The Bellevue Healthcare Trust (BBH) has built an enviable track record since launching in 2016. Shares believes the 5.6% discount to NAV (net asset value) presents investors with an attractive entry point.

The trust has delivered three-and five-year total returns in NAV of 70.3% and 91.8% respectively, comfortably beating its benchmark (MSCI World Healthcare) returns of 48.6% and 71.2%.

Dividends have grown in double digit percentages since launch. In 2021 the company paid 6.03p per share which represents a trailing yield of 3.4%.

Historically the healthcare sector has provided relative defensiveness and perhaps surprisingly, good protection against rising prices.

A DIFFERENTIATED APPROACH

The trust is managed by Bellevue Asset Management, part of Swiss investment manager the Bellevue Group.

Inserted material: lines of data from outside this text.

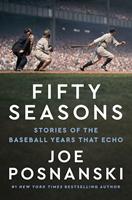   Fifty Seasons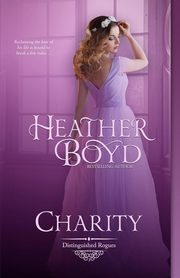 Charity, Boyd Heather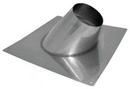American Metal Products Type B Gas Vent Flashing Standard 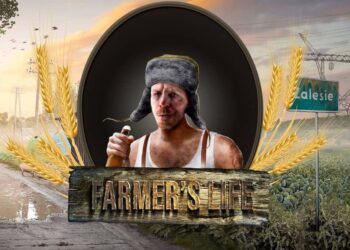 Download - Farmers Life - TmhGames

Portfolio managers Paul Major and Brett Drake have more than two decades of healthcare experience each.

The managers start from the premise that the Western healthcare systems are not fit for purpose. They argue the systems are very costly to run, wasteful and therefore unsustainable.

The strategy addresses all stages of patient interactions and costs within the healthcare system focusing on investments aimed at providing solutions to the cost challenge. Some of the key themes include greater integration of technology, innovation in therapeutics and novel treatments, increased diagnostic personalization, population genomics and shifting payment models.

Within these themes the managers undertake bottom-up fundamental analysis to isolate the most promising stock candidates. The team construct a high conviction, concentrated portfolio currently consisting of 29 names selected for their three-to-five-year return potential. Portfolio turnover is low.

It is worth noting around 77% of the portfolio is invested in mid and small-cap companies which means the value of the trust swings around more than the benchmark. Approximately 95% of the portfolio is invested in the US compared with 73% for the benchmark.

The managers point out that during times of heightened uncertainty, investors often flock to the relative safety of mega-cap pharma which can harm short-term performance, given the trust’s relative underweight position in larger companies.

The trust has an ongoing charge of 1.08% a year, slightly higher than other listed healthcare trusts, Polar Capital Global Healthcare (PCGH) (0.92%) and Worldwide Healthcare (WWH) (0.85%).